Only the lines from the top of the listing below through the line containing "A man fixing an engine" should be output, exactly and with no pictures.

************

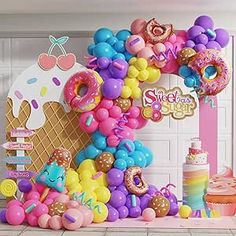 an ice cream themed birthday party with balloon decorations and balloons in the shape of numbers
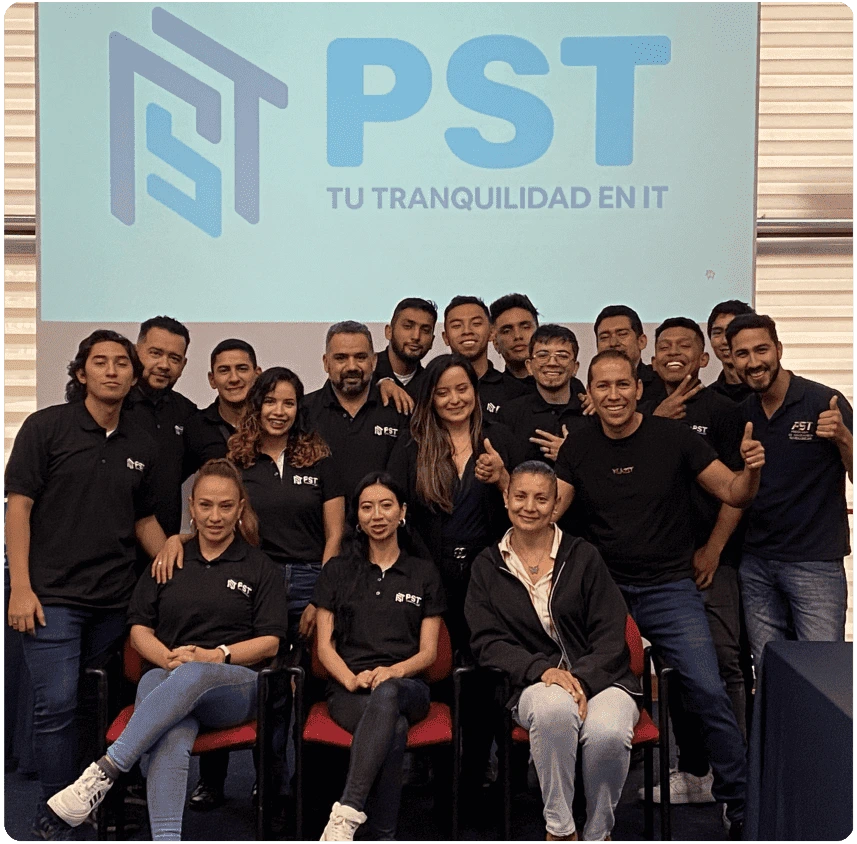 Equipo profesional de PST de Colombia posando frente al logo con el eslogan Tu tranquilidad en IT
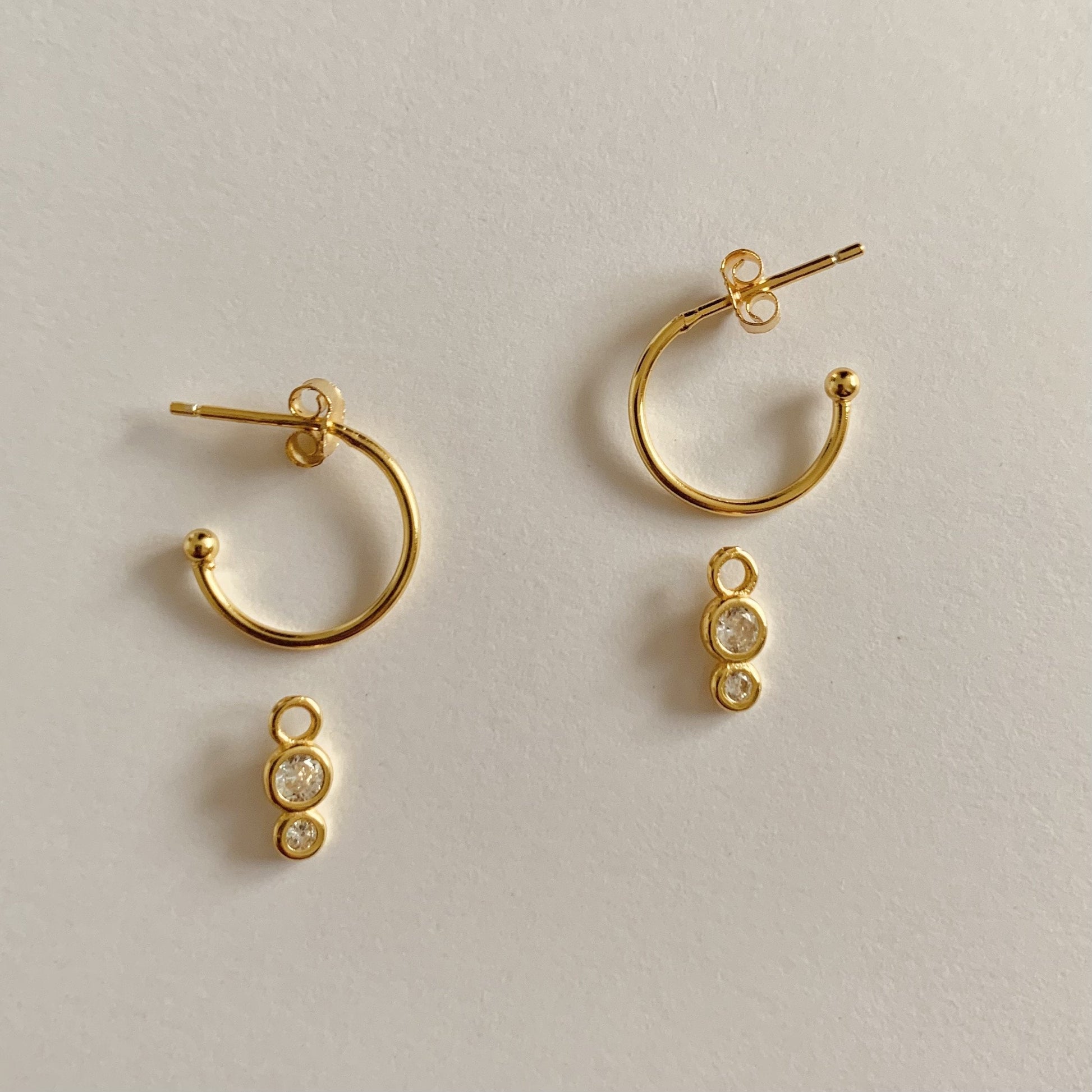 Set of gold hoop earrings with small clear dangling crystal spheres, top sphere larger and bottom sphere, on a plain paper textured background.
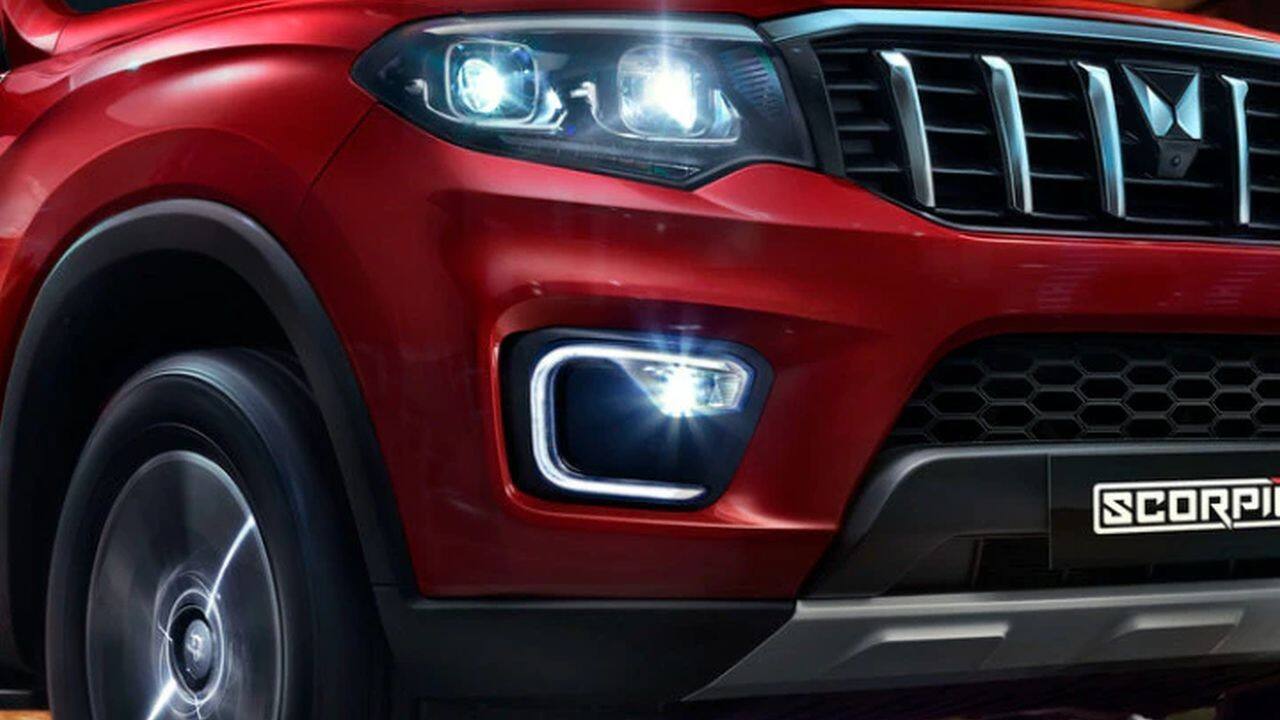 Moving on to the interiors, again, no pictures have been officially released. Spy images are a plenty, however, and a more recent sighting gives us a gist of what to expect. An all-new dashboard layout seems to be on the cards finished in a two-tone black and brown with silver highlights as garnish. The centre of the dash features a large touchscreen infotainment screen flanked by the AC vents and switches below. The SUV also gets two USB ports, a manual parking lever, cup holders, dual-zone climate control. Behind the multi-function steering wheel, the spy shot also confirms a digital instrument cluster. There are plenty of features to talk about with the new Scorpio. We are expecting things like hill descent control, traction control, multiple drive modes, parking sensors, LED cabin lighting, rear AC vents and blower controls as well as a rear USB port. The Scorpio-N will get be available in a 6-seater and a 7-seater layout which means either a bench or two captain seats for the middle row. (Image: auto.mahindra.com)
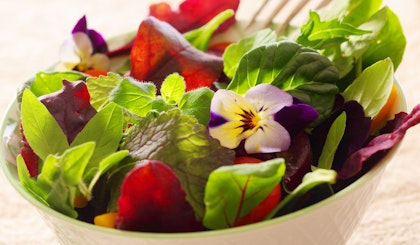 salad with edible pansy flowers
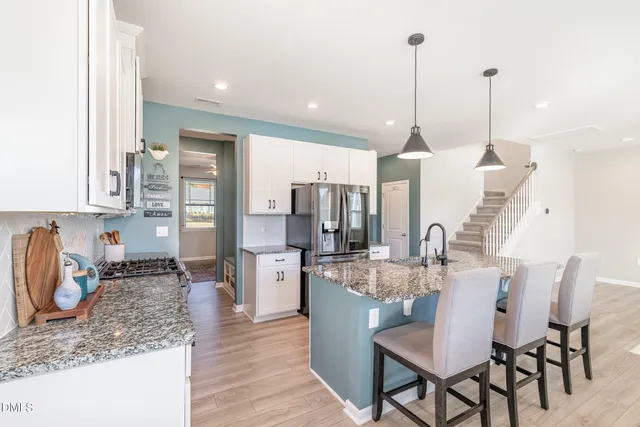 a kitchen with stainless steel appliances granite countertop a kitchen island a stove a sink a dining table and chairs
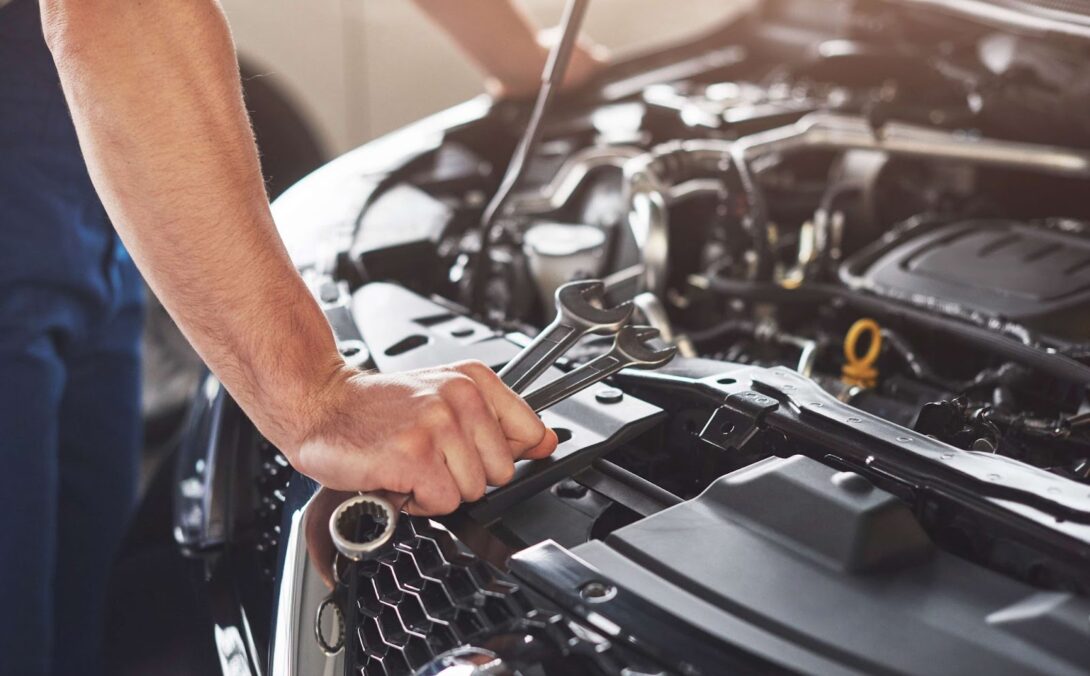 A man fixing an engine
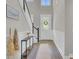 Bright entryway with hardwood floors, a console table, and a view of the staircase at 1513 Cultivation Ln, Mount Pleasant, SC 29466
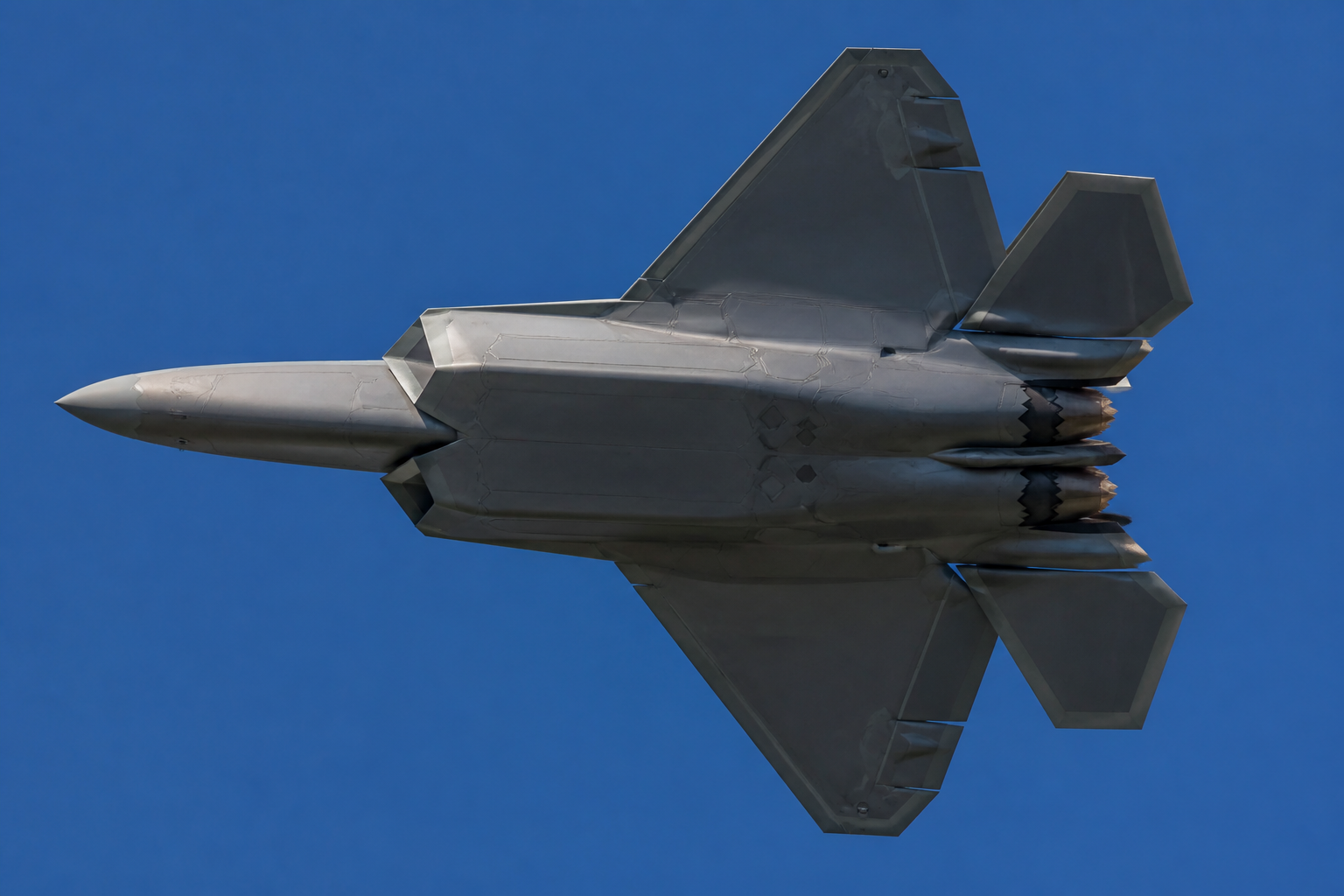 F-35 fighter jet viewed from below in flight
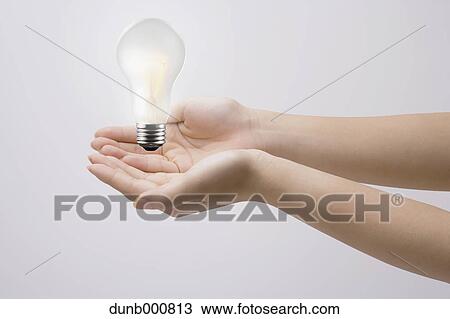 Japanese woman with light bulb View Large Photo Image Stock Image - Japanese woman with light bulb. Fotosearch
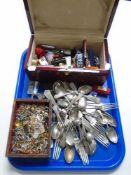 A lacquered box containing wrist watches, cutlery,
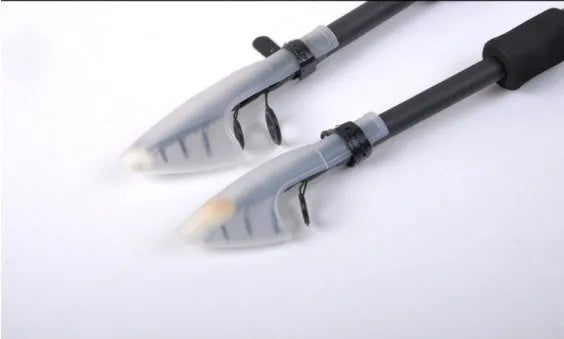 Telescopic carbon fishing rod with matte coating and reel seat on a lakeside bank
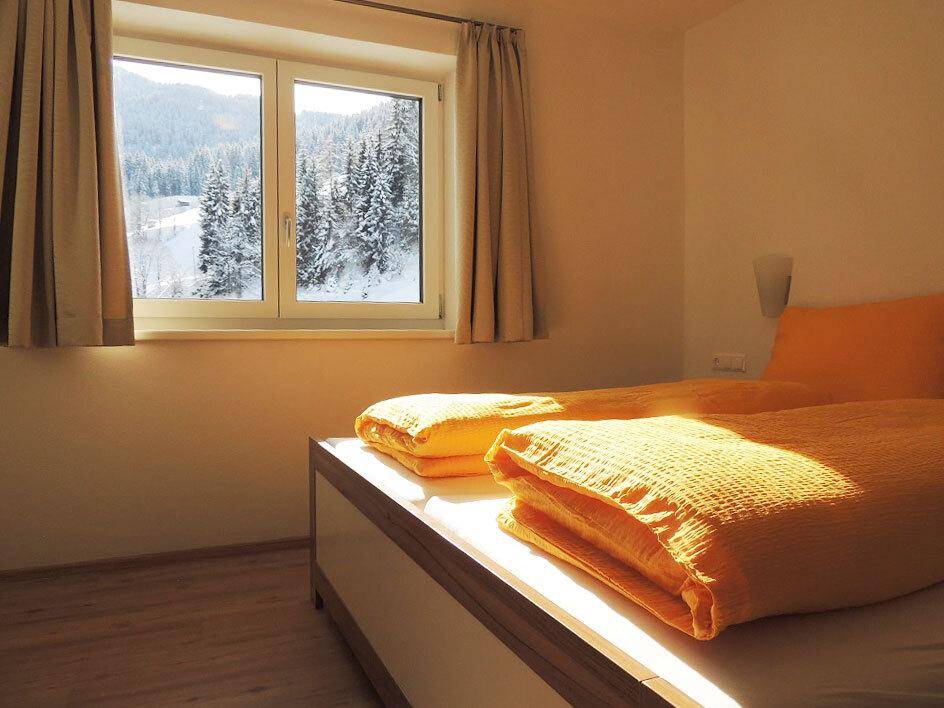 Helles Schlafzimmer mit Doppelbett und Blick auf die verschneite Winterlandschaft durch das Fenster.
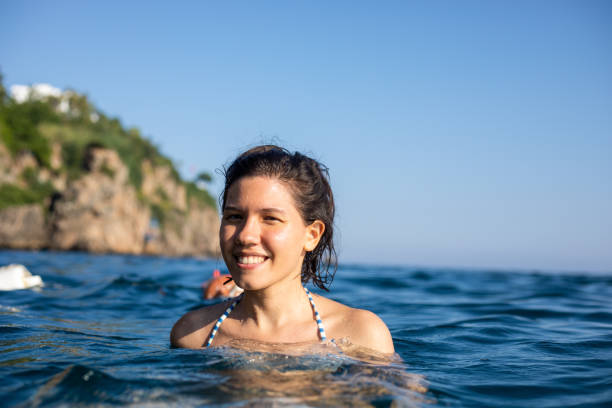 istock Woman enjoying in sea 1156452098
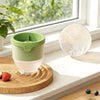 Juego de moldes para bolas de hielo de silicona reutilizables con contenedor verde y blanco y esfera transparente sobre una t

************

EXPECTED OUTPUT:
 an ice cream themed birthday party with balloon decorations and balloons in the shape of numbers
 Equipo profesional de PST de Colombia posando frente al logo con el eslogan Tu tranquilidad en IT
 Set of gold hoop earrings with small clear dangling crystal spheres, top sphere larger and bottom sphere, on a plain paper textured background.
 Moving on to the interiors, again, no pictures have been officially released. Spy images are a plenty, however, and a more recent sighting gives us a gist of what to expect. An all-new dashboard layout seems to be on the cards finished in a two-tone black and brown with silver highlights as garnish. The centre of the dash features a large touchscreen infotainment screen flanked by the AC vents and switches below. The SUV also gets two USB ports, a manual parking lever, cup holders, dual-zone climate control. Behind the multi-function steering wheel, the spy shot also confirms a digital instrument cluster. There are plenty of features to talk about with the new Scorpio. We are expecting things like hill descent control, traction control, multiple drive modes, parking sensors, LED cabin lighting, rear AC vents and blower controls as well as a rear USB port. The Scorpio-N will get be available in a 6-seater and a 7-seater layout which means either a bench or two captain seats for the middle row. (Image: auto.mahindra.com)
 salad with edible pansy flowers
 a kitchen with stainless steel appliances granite countertop a kitchen island a stove a sink a dining table and chairs
 A man fixing an engine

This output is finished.